* [Data section]
——

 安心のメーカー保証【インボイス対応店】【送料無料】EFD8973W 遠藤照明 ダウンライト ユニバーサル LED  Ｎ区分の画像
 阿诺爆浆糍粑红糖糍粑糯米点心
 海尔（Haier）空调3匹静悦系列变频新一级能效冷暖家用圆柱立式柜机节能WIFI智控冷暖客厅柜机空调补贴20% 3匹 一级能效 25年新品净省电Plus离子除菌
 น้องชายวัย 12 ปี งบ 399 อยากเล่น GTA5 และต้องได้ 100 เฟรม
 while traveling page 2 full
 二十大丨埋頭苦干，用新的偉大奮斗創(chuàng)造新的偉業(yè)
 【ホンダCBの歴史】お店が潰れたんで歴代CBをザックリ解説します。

——

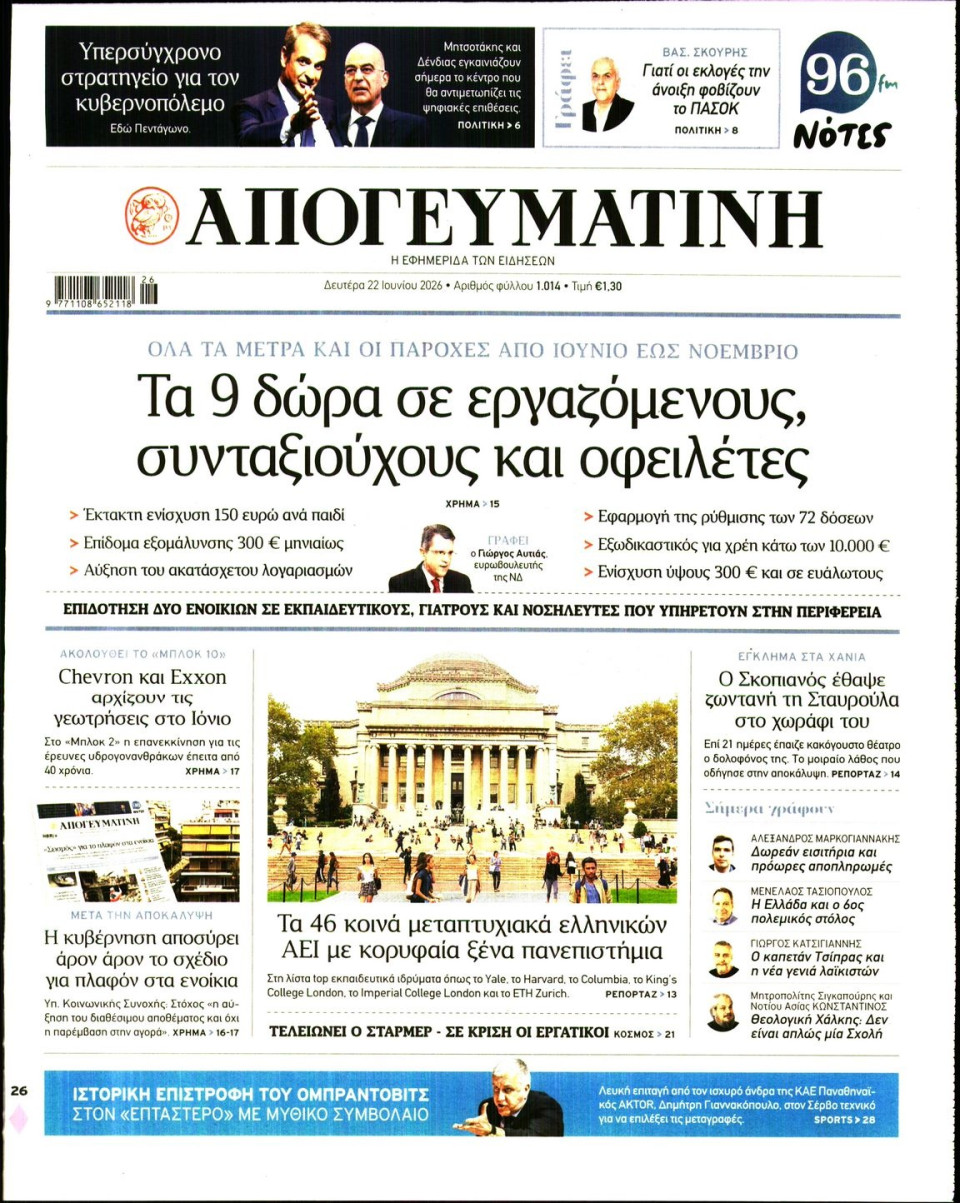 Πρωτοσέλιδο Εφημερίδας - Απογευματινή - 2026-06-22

——

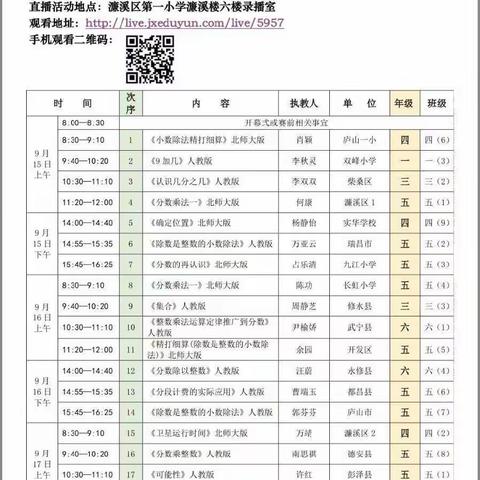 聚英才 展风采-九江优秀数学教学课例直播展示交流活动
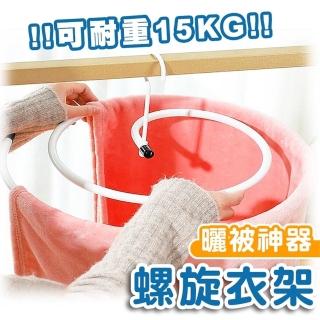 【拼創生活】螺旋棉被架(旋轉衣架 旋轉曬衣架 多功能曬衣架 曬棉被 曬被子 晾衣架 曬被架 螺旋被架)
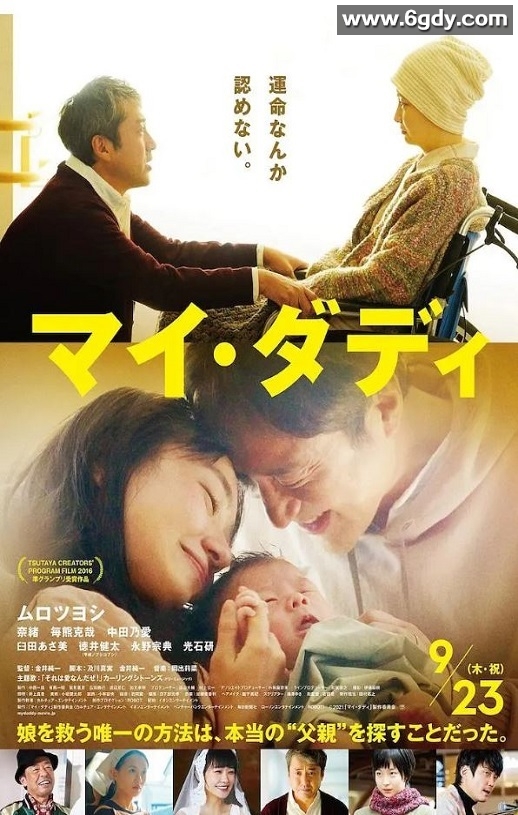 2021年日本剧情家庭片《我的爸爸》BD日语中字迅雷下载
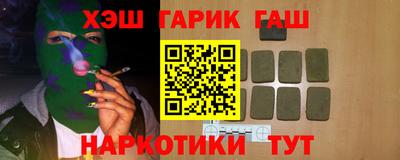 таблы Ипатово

——

* [Your objective] Although pictures appear among the entries, please set down only the lines from the one with "聚英才 展风采-九江优秀数学教学课例直播展示交流活动" up to and including the one with "таблы Ипатово", word for word.

* [Response box]
 聚英才 展风采-九江优秀数学教学课例直播展示交流活动
 【拼創生活】螺旋棉被架(旋轉衣架 旋轉曬衣架 多功能曬衣架 曬棉被 曬被子 晾衣架 曬被架 螺旋被架)
 2021年日本剧情家庭片《我的爸爸》BD日语中字迅雷下载
 таблы Ипатово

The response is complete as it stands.